## Task
Print each line below verbatim, skipping every picture.

## Data
# # # # #

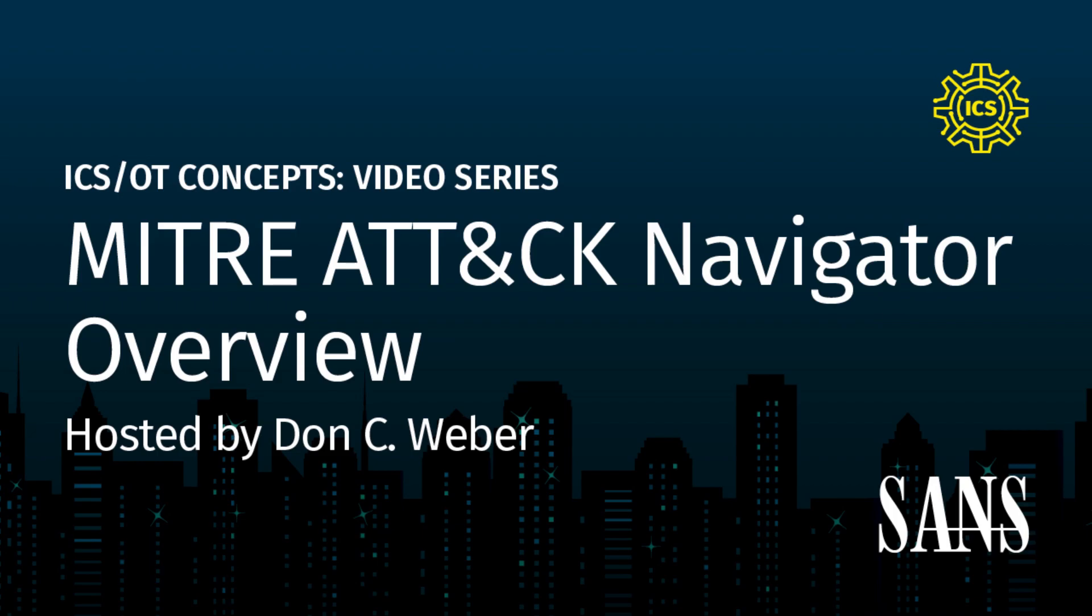Greetings, and thank you for joining us for another SANS ICS Concept Overview. I'm Don C. Weber of Cutaway Security and a certified SANS instructor. In this concept overview, we will be discussing the MITRE ATT&CK Matrix website and the ATT&CK Navigator website. We will be walking through both tools to give a quick overview for yourself and your team. If you enjoy this video and the topics we cover in the SANS ICS Concept Overviews, be sure to like and subscribe to this channel. Leave a comment if you have a question about this topic or suggestions for future content.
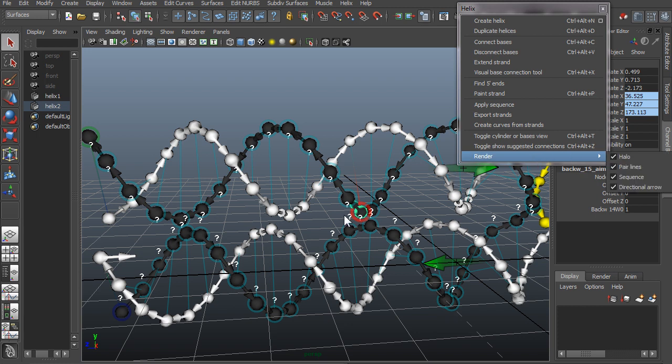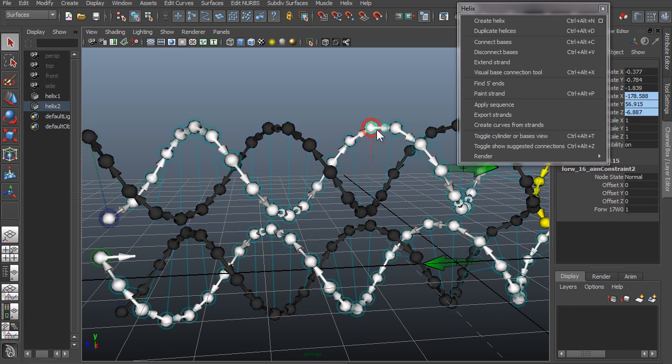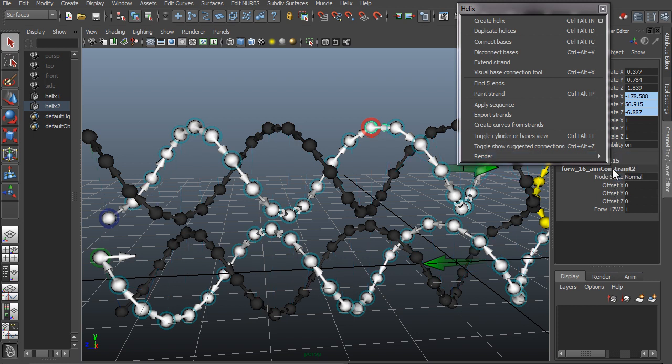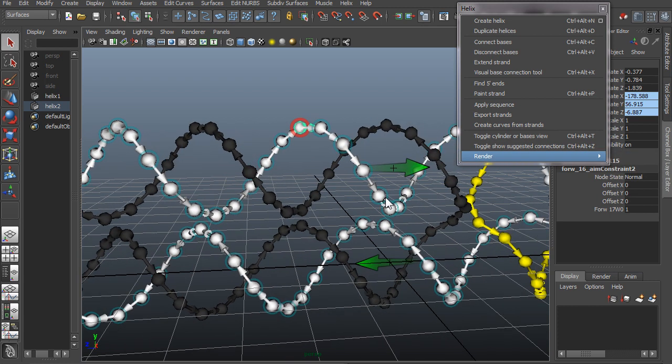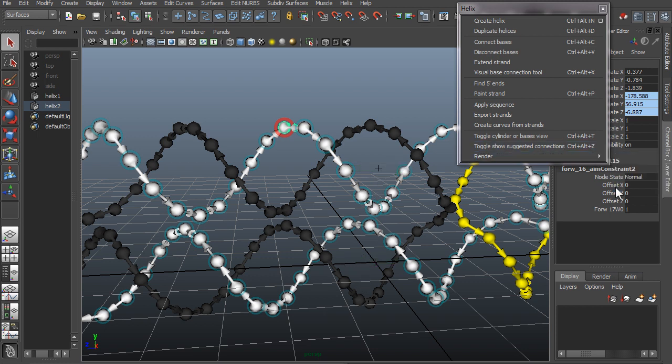Also these question marks, they're actually the sequence, so if I uncheck that we won't see the question marks anymore. And these connection lines here you can also turn those off. And these directional arrows that I was talking about can also be turned off here or on.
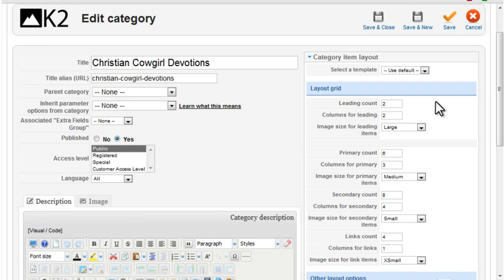In previous videos, I covered how to set the number of columns, image sizes, and other layout features from the global parameters and the category or item options.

# # # # #

## Task response
Greetings, and thank you for joining us for another SANS ICS Concept Overview. I'm Don C. Weber of Cutaway Security and a certified SANS instructor. In this concept overview, we will be discussing the MITRE ATT&CK Matrix website and the ATT&CK Navigator website. We will be walking through both tools to give a quick overview for yourself and your team. If you enjoy this video and the topics we cover in the SANS ICS Concept Overviews, be sure to like and subscribe to this channel. Leave a comment if you have a question about this topic or suggestions for future content.
Also these question marks, they're actually the sequence, so if I uncheck that we won't see the question marks anymore. And these connection lines here you can also turn those off. And these directional arrows that I was talking about can also be turned off here or on.
In previous videos, I covered how to set the number of columns, image sizes, and other layout features from the global parameters and the category or item options.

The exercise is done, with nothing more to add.